Provincial officials said they planned to visit all homes in the zone that is expected be artificially flooded in the coming days to listen to concerns and ensure residents have the information they need.
The door-to-door blitz comes after days of criticism from residents and municipal leaders about a lack of information.
"Message received," Emergency Measures Minister Steve Ashton said after visiting the reeve of the RM of Portage la Prairie Friday afternoon.
The province has faced many complaints about a lack of information about the timing of the planned release of water from a notch to be cut in the dike just east of Portage la Prairie. The dike at Hoop and Holler Bend will be breached by excavating equipment beginning at about 6 a.m. on Saturday. The water will be released slowly at first, and many in the impact zone won’t be affected for several days.
Ashton reiterated that one of the reasons the province has not been able to be precise is that it has been trying to delay the release to buy people more time to prepare their properties.
Ashton said some people have been confused as to whether they are in the potential flood zone.
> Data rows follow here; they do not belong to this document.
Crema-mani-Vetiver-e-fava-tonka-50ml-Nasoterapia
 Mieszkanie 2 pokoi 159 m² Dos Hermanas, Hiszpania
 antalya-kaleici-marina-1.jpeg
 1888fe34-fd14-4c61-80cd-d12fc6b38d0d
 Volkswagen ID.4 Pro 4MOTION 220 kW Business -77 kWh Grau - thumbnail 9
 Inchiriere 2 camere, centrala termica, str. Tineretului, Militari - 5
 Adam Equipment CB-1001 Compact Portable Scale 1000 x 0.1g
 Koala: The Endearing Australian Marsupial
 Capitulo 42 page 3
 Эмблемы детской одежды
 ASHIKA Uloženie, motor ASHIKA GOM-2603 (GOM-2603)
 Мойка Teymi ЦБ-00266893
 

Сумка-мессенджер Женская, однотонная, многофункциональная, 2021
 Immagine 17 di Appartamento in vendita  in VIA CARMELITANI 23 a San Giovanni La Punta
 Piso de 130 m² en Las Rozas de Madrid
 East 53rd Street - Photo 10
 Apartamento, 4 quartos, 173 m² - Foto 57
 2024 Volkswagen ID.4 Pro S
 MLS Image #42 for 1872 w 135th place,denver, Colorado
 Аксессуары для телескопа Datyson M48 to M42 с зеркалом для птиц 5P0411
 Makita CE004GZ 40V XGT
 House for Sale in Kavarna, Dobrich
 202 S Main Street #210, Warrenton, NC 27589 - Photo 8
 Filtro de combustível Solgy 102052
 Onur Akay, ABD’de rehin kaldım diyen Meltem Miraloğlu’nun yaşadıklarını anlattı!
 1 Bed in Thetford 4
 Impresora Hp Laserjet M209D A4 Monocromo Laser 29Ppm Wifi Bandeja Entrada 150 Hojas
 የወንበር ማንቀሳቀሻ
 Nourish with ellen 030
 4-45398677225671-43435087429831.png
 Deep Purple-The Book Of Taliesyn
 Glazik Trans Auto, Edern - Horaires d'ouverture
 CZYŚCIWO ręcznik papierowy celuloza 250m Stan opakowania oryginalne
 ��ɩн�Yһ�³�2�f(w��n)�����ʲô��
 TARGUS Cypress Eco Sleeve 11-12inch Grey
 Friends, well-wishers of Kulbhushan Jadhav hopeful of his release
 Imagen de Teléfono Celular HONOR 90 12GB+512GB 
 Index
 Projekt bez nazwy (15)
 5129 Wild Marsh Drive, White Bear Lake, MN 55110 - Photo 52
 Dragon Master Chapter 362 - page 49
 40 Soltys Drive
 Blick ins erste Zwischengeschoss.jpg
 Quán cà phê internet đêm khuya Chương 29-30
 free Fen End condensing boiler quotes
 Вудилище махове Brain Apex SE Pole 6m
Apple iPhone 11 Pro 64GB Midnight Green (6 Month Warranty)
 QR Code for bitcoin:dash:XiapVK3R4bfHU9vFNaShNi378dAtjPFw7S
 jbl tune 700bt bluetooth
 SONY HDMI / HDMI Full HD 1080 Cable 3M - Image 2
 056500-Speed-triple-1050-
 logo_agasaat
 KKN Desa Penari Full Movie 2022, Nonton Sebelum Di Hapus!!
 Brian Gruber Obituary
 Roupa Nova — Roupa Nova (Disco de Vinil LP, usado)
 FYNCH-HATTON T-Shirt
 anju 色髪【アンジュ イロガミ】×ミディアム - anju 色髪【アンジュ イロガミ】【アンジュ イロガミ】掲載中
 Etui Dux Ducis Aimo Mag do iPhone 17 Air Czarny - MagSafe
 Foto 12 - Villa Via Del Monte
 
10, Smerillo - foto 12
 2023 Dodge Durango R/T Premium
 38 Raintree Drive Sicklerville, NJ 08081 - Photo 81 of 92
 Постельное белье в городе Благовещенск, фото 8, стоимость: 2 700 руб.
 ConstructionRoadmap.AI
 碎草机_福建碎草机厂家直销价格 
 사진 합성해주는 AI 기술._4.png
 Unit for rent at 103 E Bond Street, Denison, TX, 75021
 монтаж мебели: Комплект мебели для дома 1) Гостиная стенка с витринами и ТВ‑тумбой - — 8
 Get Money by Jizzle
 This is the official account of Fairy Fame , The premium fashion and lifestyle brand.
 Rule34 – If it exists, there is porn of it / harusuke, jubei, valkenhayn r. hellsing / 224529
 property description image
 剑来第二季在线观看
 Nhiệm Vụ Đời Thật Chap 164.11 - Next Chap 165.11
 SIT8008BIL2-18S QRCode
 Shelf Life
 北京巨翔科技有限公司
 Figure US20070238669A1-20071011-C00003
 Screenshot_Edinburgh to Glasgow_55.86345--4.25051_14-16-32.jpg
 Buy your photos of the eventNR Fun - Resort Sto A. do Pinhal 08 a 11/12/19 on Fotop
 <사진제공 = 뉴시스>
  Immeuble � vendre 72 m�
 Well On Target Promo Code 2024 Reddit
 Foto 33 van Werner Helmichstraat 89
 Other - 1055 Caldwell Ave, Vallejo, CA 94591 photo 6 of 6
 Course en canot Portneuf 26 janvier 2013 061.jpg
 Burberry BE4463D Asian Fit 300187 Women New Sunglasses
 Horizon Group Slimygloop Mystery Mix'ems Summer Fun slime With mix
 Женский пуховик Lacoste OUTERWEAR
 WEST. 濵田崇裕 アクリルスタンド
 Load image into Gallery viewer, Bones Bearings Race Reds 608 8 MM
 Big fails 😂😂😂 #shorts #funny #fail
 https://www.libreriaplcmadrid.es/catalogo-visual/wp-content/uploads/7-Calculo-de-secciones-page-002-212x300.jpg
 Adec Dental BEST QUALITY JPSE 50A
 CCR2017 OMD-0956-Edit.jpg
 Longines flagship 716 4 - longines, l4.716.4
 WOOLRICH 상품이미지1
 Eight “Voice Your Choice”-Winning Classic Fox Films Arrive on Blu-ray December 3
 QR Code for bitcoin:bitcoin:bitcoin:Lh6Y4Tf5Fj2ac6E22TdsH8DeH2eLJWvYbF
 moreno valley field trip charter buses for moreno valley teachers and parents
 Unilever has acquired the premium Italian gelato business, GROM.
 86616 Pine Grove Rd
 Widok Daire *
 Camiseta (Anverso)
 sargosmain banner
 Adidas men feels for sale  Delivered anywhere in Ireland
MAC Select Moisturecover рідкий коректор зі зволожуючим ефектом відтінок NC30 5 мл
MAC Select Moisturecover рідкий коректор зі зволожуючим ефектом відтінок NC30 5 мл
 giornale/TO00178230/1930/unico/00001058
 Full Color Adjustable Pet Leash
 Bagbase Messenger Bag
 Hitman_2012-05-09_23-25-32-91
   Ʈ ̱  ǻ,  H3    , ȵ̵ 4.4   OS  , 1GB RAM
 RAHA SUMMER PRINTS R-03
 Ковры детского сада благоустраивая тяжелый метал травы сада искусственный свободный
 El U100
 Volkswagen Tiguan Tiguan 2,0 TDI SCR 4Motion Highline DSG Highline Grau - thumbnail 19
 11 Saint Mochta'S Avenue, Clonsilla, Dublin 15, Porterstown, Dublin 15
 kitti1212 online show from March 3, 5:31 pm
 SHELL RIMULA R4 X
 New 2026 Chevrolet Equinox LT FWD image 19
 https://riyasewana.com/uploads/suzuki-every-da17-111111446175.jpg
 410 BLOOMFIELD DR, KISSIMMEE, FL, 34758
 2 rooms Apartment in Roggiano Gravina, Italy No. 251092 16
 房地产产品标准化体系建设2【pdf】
Some people who have complained they have not received information from government do not live in the area that will be artificially flooded, Ashton said.
The government estimated Friday that flows from the controlled release would reach Elie in about a week. The water will likely flow into the La Salle River south of the town.
On Friday, residents in La Salle, Sanford, and Starbuck bolstered their flood defences as a precaution, although they weren't expected to be affected by the controlled release.
Chuck Sanderson, executive director of Manitoba’s Emergency Measures Organization, said people who are unsure whether they will be affected can contact their municipality or visit the general government and Water Stewardship Department websites.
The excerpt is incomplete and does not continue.